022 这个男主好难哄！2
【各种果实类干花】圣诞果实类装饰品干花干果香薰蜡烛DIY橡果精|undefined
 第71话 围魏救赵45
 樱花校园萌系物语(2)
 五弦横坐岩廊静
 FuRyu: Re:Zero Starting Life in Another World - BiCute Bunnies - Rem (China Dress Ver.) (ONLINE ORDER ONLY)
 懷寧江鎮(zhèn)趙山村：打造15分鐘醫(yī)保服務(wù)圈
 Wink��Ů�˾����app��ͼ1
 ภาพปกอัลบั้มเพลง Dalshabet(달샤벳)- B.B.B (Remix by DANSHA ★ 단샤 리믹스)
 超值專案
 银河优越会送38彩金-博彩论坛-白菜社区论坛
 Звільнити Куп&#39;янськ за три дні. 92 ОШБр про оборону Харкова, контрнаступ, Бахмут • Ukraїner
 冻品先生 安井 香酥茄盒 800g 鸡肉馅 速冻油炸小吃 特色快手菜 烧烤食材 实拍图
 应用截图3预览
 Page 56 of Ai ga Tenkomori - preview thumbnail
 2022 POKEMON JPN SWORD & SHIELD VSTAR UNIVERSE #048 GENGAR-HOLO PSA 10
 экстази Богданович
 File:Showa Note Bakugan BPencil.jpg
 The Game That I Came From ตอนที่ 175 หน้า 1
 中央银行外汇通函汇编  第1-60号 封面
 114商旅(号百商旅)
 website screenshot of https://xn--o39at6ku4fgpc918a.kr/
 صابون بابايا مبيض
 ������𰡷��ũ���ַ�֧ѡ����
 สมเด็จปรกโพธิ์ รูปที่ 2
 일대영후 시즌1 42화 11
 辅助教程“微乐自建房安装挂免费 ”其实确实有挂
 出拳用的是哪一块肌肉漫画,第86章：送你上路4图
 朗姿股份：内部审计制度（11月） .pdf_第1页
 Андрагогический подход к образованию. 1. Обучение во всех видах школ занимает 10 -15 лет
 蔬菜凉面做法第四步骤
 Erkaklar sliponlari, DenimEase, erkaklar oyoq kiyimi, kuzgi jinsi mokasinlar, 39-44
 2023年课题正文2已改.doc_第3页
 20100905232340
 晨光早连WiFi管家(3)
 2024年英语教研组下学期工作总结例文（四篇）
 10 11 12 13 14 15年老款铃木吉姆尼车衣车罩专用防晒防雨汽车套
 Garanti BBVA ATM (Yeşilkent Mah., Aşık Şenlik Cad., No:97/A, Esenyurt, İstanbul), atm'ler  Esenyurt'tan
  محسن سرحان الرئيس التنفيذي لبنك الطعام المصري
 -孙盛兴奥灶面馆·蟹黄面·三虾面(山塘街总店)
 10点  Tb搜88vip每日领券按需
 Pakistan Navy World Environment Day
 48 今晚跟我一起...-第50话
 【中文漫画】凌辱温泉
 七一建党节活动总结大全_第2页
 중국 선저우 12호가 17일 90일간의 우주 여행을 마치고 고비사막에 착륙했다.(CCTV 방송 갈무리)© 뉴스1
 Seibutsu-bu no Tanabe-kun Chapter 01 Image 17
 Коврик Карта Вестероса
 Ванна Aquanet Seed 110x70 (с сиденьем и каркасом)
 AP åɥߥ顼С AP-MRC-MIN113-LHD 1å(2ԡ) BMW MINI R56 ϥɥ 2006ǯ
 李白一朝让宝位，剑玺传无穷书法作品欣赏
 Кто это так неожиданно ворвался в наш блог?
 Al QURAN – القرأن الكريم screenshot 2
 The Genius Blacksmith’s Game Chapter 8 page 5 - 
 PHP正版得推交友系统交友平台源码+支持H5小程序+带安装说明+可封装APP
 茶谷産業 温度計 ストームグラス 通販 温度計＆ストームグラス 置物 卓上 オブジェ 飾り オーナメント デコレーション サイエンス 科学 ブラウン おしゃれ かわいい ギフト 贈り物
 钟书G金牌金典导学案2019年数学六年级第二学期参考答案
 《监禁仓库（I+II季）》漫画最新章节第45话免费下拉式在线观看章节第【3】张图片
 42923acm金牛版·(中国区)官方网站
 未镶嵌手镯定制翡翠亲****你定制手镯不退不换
+++
Which lines of the listing contain the string "screenshot"? Copy every one of them.

 website screenshot of https://xn--o39at6ku4fgpc918a.kr/
 Al QURAN – القرأن الكريم screenshot 2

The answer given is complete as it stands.